§ **What you will do**: Repeat the data that follows, word for word, without the images.

§ **Raw data**:

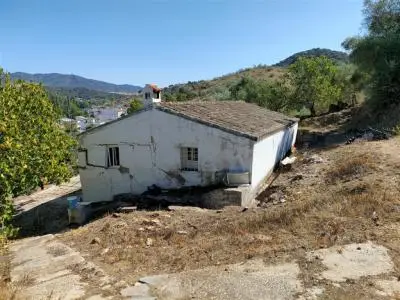 Casa de Campo en Cortes de la Frontera para Reformar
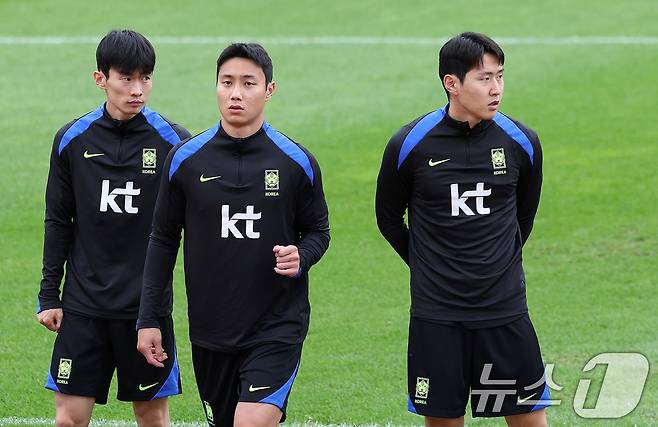 대한민국 남자 축구 국가대표팀 이강인과 백승호가 파라과이와 A매치 평가전을 앞둔 12일 오후 경기도 고양시 일산서구 고양종합운동장 보조구장에서 몸을 풀고 있다. 2025.10.12/뉴스1 ⓒ News1 박지혜 기자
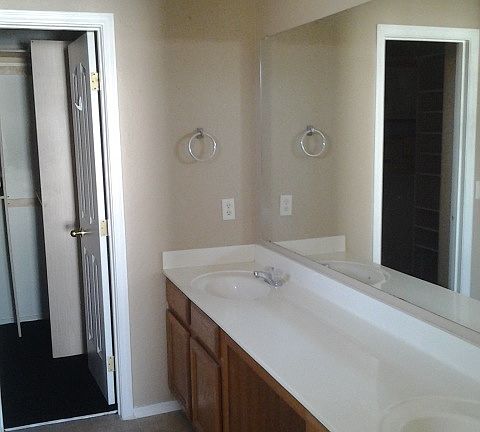 Master bath dual vanity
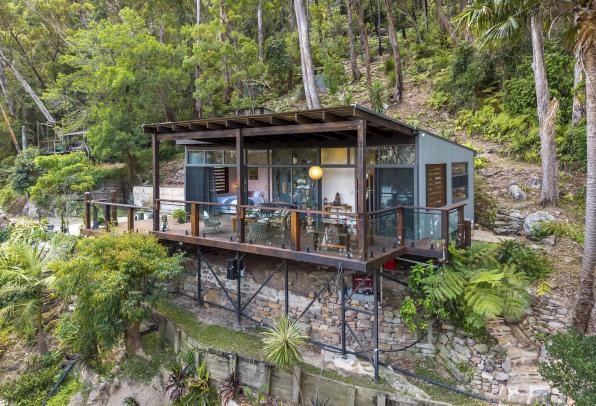 Stylish Riverside Home - Hawkesbury River Views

§ **Answer box**:
 Casa de Campo en Cortes de la Frontera para Reformar
 대한민국 남자 축구 국가대표팀 이강인과 백승호가 파라과이와 A매치 평가전을 앞둔 12일 오후 경기도 고양시 일산서구 고양종합운동장 보조구장에서 몸을 풀고 있다. 2025.10.12/뉴스1 ⓒ News1 박지혜 기자
 Master bath dual vanity
 Stylish Riverside Home - Hawkesbury River Views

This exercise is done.